Hayes is not the only current coach who came up under Leathers, not by a long shot. Another example is Mira Costa's Kelvan Gamble, who competed for Centennial when the legendary coach was there.
Lowe expresses similar feelings about the life-long lessons she learned from Leathers:
One of the most impactful lessons was when he taught me how to specialize in an event. During my junior year he made me stop doing other events and focus on the high jump. I was thinking I could go to college and do all those events, but he was thinking strategically - we need to make sure you go to college. I fought back at first, but I trusted him because I respected him, and he was right. That allowed me to have my pick of where to go to college. His goal was to get kids to college. I would estimate that he helped 30-40 kids go to school on scholarship. His goal was to get athletes an education and change their lives through track & field.
He Will Be Missed
Based on measurable accomplishments alone, Coach Leathers has a resume that can stack up against just about anyone's. He won three Southern Section titles while at Centennial (Compton), then added 11 more after moving to Riverside's J.W. North in 1992, including nine with the girls' team. He also guided the Huskies to the 1999 and 2000 girls team state championships. In addition to Hayes and Lowe, he coached future Olympians Whitney Ashley, not to mention several more athletes who won CIF individual titles. Perhaps most remarkable was his particular success in the 100 Hurdles, where Hayes, Nicole Hoxie, and Nichole Denby combined to win seven straight Southern Section Masters titles and five state championships.

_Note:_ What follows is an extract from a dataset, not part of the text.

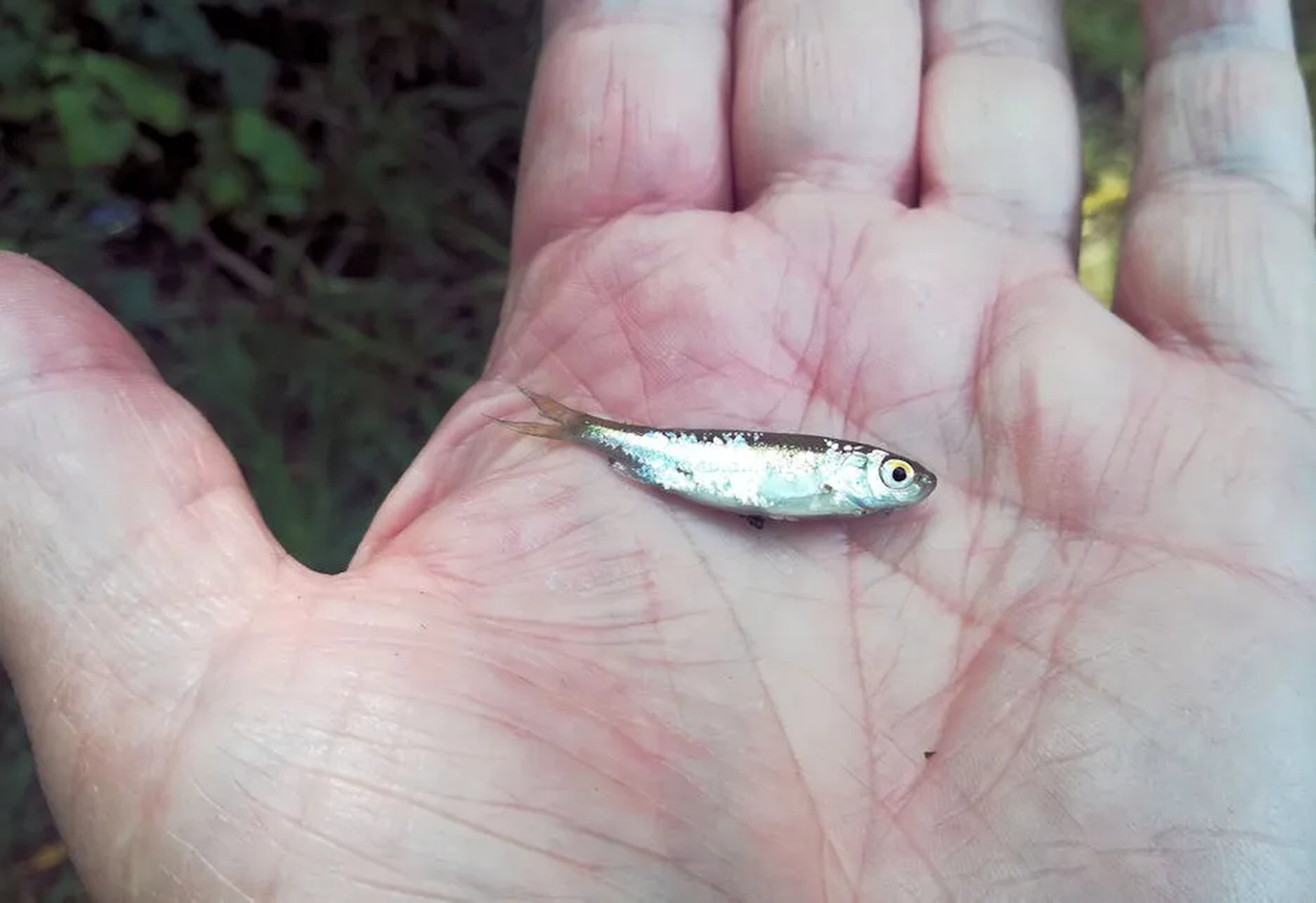 Eine kleine silberne Fisch sitzt auf einer geöffneten Handfläche.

Not that you would ever hear him talk about these things - Lowe says, "He was humble. You would never hear him bragging about how great he was, and he should have been a D-1 coach."
Clearly, though, the mark of a great coach is their lasting legacy in the lives of those they touched. On that score, it would be hard to top the impact that Coach Leathers has had on his athletes, which will be carried on through the work of the current coaches that learned from him. Leathers, who died March 7 at age 73, made the California track community a better place, and he will be missed.